Shutterstock+AWS press release: your images as AI training data

Jo Ann Snover:

I think that the announcement means that there will be images and metadata made available by Shutterstock to be used to train AI systems or other non-traditional uses with no compensation to the owners of the images or metadata (Shutterstock doesn't do any keywording). In spite of their claims about rigorous review, keyword spam is rife on their site

"The datasets include collections of images and 3D models from Shutterstock.AI's library of 400 million visual assets, along with metadata backed by rigorous human and AI review. The datasets span multiple industry categories, and have been curated to align with some of the most common computer vision applications in ecommerce, travel and tourism, self-driving cars, and consumer electronics."

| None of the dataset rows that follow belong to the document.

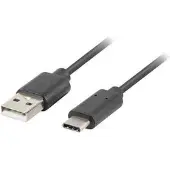 Lanberg - USB-C cable - USB to USB-C - 1.8 m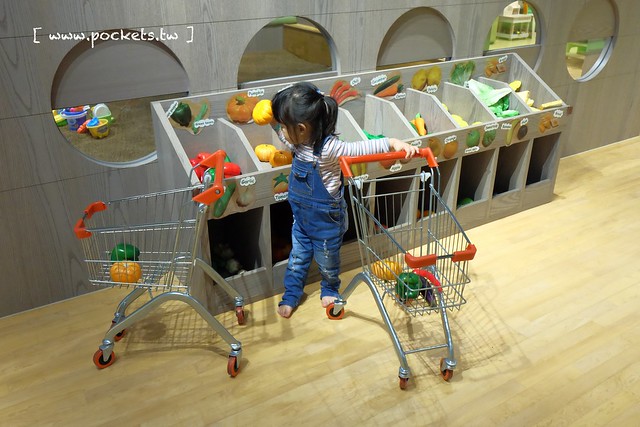 Hide&Seek嘻遊聚親子餐廳┃台中西屯美食：使用德國HABA頂級無毒遊具，沙坑、球池、溜滑梯&hellip;讓小孩子賴著不走的遊戲天堂，餐點的表現也不錯 @飛天璇的口袋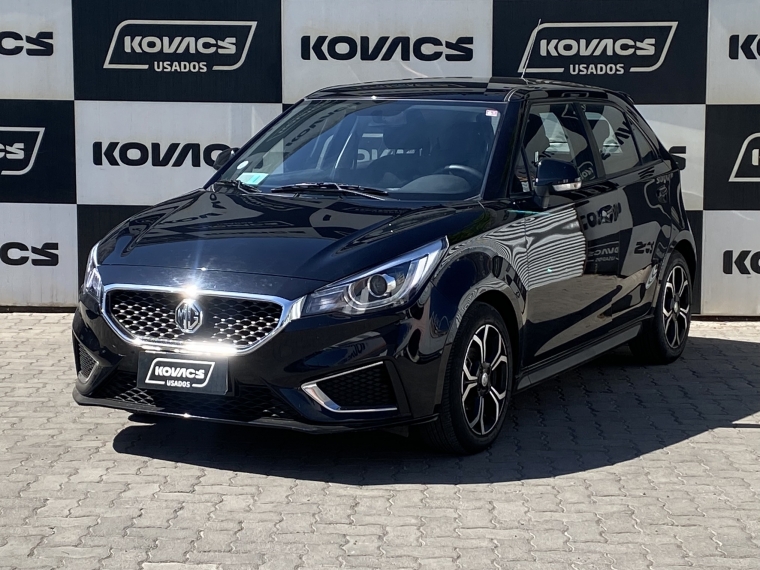 Mg 3 Comfort Mt 2023 Usado  Usado en Kovacs Usados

Here's some pricing information on the AWS web site:

How does that $10,000 price get shared out among contributors?

From the description on AWS as to what you get for your (minimum) $10,000, you're not licensing content, rather "This data license gives you the right to train models for the duration of the subscription. Data sets will be published to your S3 bucket." I could easily see how Shutterstock would decide nothing was due in royalties for training models, even though without contributor content they'd have nothing to offer.

Contributors get shared a reset on january

If keyword spam is a true problem then everything will be classified as "background" :-)

“A machine learning algorithm walks into a bar. The bartender asks, ‘What’ll you have?’ The algorithm says, ‘What’s everyone else having?’”

Comments in this thread can be qualified as a brainstorming for a company which puts efforts to pay less for us. Especially when it is, indeed, possible to separate a background info noise from the value data.

I wonder if hidden in one of the changes to the TOS was something saying they could profit off our keywording (intellectual property) without paying us.